**DATASET EXCERPTS:**
+ + +
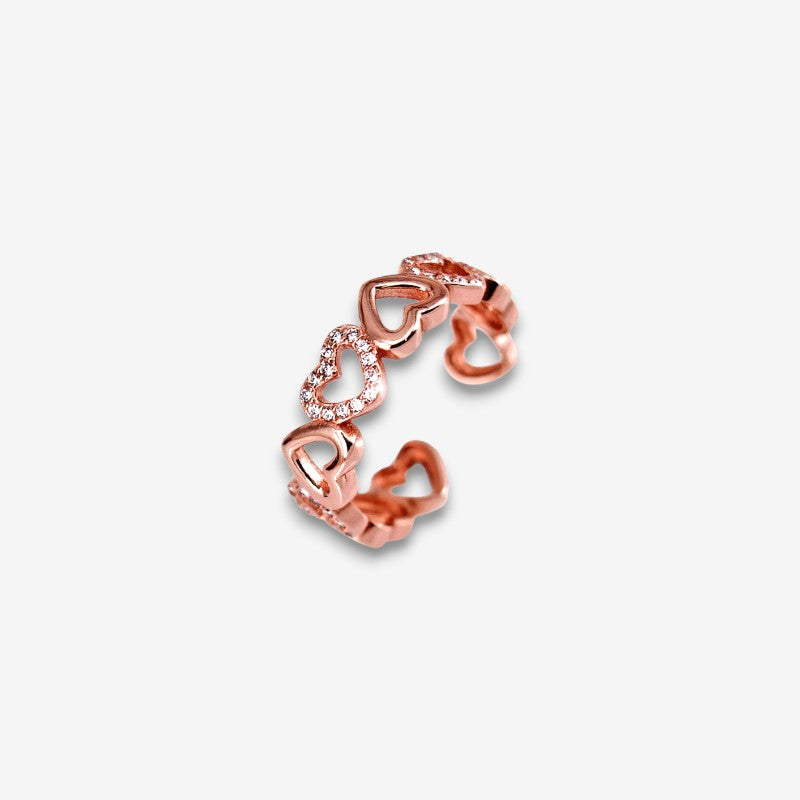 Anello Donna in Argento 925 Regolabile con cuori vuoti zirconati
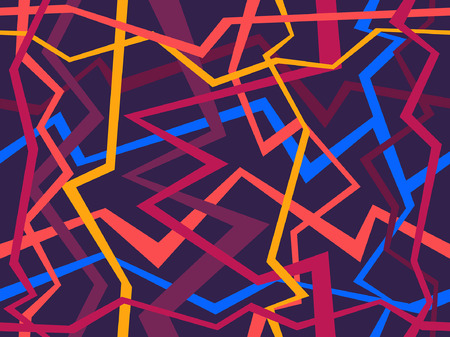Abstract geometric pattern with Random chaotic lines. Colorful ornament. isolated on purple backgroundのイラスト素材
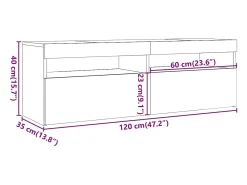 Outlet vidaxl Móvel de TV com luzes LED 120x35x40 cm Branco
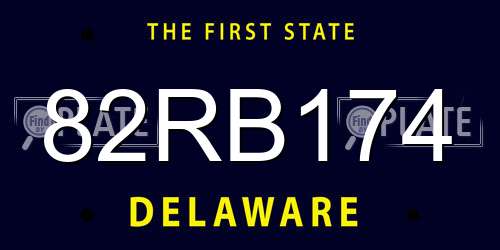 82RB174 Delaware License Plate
+ + +
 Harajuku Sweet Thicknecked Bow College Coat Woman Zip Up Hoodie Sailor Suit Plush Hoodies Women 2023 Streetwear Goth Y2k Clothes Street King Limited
+ + +
**TASK TO COMPLETE:**
Using the entries above, repeat exactly the lines from the one with "Outlet vidaxl Móvel" to the one with "82RB174 Delaware License Plate", both included, and leave the pictures behind.

**TASK ANSWER:**
 Outlet vidaxl Móvel de TV com luzes LED 120x35x40 cm Branco
 82RB174 Delaware License Plate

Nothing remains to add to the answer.